- A surprising number of NFL players will be glued to every match in Russia, rooting on athletes who have become fast friends. Then when the NFL kicks off this fall, soccer stars the world over will return the favor.
It was almost 3 a.m. in London, and Harry Kane couldn’t rise from his couch—couldn’t even lift his head from his hands. This was three years ago, long before he was poised to carry the weight of English expectations as the team’s youngest World Cup captain. On Feb. 1, 2015, Kane was struck immobile in his living room by the same thought every other Patriots fan had: The Seahawks are going to hand the ball to Marshawn Lynch, and there’s nothing New England can do. Super Bowl XLIX is over.
Two years earlier, Kane had been struggling to find playing time in England’s second tier and doubted his own future as a soccer player. Searching YouTube for inspiration, he found The Brady 6, a documentary about Tom Brady’s rise from sixth-round draft pick to all-time great quarterback.
“I fell in love with the story,” Kane says, “What he had to do to prove everyone wrong—it was a similar situation to myself.”
He was soon posting photos of himself wearing Patriots gear on social media and spending hours playing Madden with his soon-to-be brother-in-law, Tom Goodland, a huge NFL fan who helped teach Kane the rules of the game. The English football star has since become such an American football junkie that he and his fiancée, Kate, have a dog named Brady. (If her Instagram post “Hate Sundays #redzone” is any indication, Kate is not quite as big a fan.) Watching alone on that early morning in 2015, Kane had to keep his celebrations to himself (and Twitter) when Malcolm Butler picked off Russell Wilson and secured a 28-24 Super Bowl victory for the Pats, but he’s now far from the only soccer star who has fallen for the NFL.

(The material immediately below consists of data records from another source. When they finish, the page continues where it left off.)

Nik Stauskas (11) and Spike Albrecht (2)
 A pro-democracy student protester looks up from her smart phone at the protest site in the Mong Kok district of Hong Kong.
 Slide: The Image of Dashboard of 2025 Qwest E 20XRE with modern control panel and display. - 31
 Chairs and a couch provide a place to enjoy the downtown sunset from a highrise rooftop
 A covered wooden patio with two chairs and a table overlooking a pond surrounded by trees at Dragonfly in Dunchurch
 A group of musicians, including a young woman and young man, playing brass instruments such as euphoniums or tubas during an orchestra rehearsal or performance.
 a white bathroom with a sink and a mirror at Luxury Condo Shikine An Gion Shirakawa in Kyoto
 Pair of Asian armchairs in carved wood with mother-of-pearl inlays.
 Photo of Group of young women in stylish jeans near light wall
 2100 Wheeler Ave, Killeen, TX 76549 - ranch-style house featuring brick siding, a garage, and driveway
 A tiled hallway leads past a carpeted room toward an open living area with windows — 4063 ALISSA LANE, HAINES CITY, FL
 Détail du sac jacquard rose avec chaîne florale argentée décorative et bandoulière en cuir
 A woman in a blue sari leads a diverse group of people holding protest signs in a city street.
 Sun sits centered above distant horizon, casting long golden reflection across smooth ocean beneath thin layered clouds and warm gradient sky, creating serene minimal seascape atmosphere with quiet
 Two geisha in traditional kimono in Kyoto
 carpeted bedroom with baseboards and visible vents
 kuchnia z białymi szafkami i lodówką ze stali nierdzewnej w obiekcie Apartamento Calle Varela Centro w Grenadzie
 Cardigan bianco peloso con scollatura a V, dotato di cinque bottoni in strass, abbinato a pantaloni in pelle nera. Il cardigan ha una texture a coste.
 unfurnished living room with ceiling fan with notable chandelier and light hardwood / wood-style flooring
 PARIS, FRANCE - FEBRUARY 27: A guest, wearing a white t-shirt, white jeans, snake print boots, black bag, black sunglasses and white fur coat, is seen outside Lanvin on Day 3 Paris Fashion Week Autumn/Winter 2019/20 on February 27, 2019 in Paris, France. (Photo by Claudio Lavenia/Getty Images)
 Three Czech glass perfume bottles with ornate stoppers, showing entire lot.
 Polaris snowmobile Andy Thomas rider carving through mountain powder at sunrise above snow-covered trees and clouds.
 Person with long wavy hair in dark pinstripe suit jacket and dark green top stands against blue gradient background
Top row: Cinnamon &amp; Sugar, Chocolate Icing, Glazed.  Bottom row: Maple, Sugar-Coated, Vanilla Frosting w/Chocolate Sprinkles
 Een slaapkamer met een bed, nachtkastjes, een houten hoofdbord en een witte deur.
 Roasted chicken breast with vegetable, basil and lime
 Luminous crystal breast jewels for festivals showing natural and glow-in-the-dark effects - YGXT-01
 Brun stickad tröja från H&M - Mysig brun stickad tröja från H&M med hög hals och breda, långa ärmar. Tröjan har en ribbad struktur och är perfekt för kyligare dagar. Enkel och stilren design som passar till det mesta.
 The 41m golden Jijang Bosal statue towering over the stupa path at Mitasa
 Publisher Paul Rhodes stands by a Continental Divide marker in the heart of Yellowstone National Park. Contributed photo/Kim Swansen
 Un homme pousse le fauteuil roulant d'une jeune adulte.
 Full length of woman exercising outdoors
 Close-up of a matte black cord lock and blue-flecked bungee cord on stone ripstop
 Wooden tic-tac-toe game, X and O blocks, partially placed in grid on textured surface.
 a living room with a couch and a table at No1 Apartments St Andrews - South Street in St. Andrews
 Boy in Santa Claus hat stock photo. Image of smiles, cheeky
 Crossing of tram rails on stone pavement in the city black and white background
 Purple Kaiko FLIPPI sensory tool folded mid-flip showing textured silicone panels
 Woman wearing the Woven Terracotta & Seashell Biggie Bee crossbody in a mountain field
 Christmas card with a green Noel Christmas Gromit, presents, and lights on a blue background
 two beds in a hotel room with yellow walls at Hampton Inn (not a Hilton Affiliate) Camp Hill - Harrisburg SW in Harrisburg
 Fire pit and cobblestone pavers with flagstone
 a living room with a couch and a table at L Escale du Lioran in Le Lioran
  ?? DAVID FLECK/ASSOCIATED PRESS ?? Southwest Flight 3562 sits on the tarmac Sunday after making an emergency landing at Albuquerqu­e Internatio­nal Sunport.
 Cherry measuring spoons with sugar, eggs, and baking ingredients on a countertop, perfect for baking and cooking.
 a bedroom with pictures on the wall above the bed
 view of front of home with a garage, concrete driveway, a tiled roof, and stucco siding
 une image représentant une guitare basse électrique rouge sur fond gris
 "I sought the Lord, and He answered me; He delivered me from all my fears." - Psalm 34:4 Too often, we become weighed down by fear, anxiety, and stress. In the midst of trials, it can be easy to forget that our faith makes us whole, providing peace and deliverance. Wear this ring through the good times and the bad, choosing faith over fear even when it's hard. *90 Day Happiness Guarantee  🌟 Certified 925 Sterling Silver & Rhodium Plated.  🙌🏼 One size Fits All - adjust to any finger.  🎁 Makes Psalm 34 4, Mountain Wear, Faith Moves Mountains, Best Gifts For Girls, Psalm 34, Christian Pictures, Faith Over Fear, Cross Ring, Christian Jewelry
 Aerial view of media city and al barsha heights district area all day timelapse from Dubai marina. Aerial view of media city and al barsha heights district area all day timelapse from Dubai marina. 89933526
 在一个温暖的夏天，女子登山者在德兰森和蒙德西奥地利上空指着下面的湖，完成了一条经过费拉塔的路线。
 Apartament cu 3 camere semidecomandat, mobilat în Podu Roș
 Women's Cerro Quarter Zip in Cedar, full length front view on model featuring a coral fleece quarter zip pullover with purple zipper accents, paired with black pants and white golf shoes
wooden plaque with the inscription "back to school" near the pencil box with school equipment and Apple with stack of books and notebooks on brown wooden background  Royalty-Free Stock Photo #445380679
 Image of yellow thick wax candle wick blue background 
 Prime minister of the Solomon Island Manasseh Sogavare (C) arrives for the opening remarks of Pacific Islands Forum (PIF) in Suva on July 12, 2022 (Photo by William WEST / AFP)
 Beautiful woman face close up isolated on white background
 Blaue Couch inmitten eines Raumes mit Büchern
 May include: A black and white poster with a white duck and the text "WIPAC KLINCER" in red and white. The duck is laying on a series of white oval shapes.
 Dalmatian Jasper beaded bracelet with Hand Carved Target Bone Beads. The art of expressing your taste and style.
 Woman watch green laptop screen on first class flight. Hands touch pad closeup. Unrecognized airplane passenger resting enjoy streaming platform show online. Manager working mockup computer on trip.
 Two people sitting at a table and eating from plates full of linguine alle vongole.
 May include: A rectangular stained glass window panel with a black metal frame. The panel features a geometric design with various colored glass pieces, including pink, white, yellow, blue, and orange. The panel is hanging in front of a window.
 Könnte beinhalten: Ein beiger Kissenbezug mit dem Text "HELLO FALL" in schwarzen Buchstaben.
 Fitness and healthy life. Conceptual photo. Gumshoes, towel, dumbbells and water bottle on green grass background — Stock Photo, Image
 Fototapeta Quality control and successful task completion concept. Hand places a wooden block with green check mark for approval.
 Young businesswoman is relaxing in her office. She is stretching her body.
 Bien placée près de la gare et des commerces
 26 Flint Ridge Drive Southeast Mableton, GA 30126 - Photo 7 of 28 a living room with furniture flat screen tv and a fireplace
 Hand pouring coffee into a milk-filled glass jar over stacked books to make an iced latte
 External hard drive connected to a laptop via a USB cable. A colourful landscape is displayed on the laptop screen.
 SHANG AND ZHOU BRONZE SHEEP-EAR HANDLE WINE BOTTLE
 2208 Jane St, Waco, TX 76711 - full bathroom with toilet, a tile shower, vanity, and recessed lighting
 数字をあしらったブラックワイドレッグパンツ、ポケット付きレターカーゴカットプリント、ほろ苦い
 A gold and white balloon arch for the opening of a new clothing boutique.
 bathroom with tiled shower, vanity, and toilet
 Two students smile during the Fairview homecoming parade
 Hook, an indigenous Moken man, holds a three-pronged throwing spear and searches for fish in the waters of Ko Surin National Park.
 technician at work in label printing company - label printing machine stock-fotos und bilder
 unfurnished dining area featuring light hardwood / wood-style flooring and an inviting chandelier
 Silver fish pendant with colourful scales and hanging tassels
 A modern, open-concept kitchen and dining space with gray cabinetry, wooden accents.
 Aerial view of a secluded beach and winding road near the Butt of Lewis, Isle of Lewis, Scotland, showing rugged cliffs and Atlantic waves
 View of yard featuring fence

In 2017, Belgian goalkeeper Thibaut Courtois was on-hand to watch the Patriots’ most recent triumph in Houston. This season, it was English midfielder and Eagles fan Eric Dier who got to enjoy a wee-hour win after donning a dog mask in front of his Tottenham teammate before the big game. Thanks in part to online gaming and international exhibitions, the bromance is mutual.
While former Bears coach Mike Ditka famously said, “If God had wanted man to play soccer, he wouldn’t have given us arms,” NFL locker rooms are now full of players using those arms to play one of the world’s top-selling video games, FIFA, which Electronic Arts created in 1993 after the success of Madden. In Green Bay the offensive linemen commandeer a rec room for their two-on-two FIFAbattles. Though Packers quarterback Aaron Rodgers doesn’t play often, he holds his own, teammate and tackle David Bakhtiari says, because “honestly, Aaron is good at everything he does.”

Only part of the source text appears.